At the moment, only the statisticians at Modernising Medical Careers know how many of the EEA candidates have chosen to apply through MTAS for postgraduate training here (and they couldn't provide these statistics before the BMJ went to press). They are eligible to apply without first passing the General Medical Council's Professional and Linguistics Assessment Board (PLAB) test, unlike applicants from outside the EEA.
The MMC team estimates that, of all the applicants who are currently working abroad, about 1500 to 2000 qualified outside the EEA.

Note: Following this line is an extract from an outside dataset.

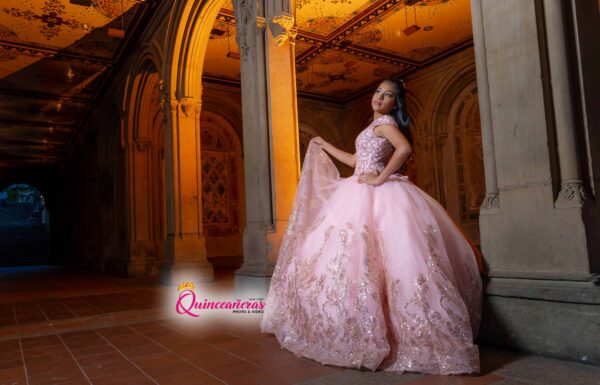 The party of Yadira Sweet16 Quinceanera photo and video Bronx, NYC Gallery 2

Despite changes in the immigration rules, these doctors can still apply for specialist training, even if they lack the necessary work permit. Specialist training posts can be offered to them only if there is no EEA applicant who is suitably qualified to do the job, which is unlikely.
But who can blame them for trying? Many overseas medical graduates were encouraged to consider working in the UK in the past and had their hopes raised in recent years when they were offered the chance to take the PLAB test in their home country. This test of clinical and language skills was first held overseas in 1998, in India.
The GMC saw a huge rise in the number of candidates passing the test, in the UK and overseas: from 1000 in 1998 to 3700 in 2003. In a paper to its council in September 2005, the GMC laid part of the blame at the Department of Health's door, for its international campaigns to recruit consultants and GPs.
Although the number of candidates taking the PLAB test has fallen since then, it's small wonder that overseas graduates who have passed the test will try their luck in MTAS.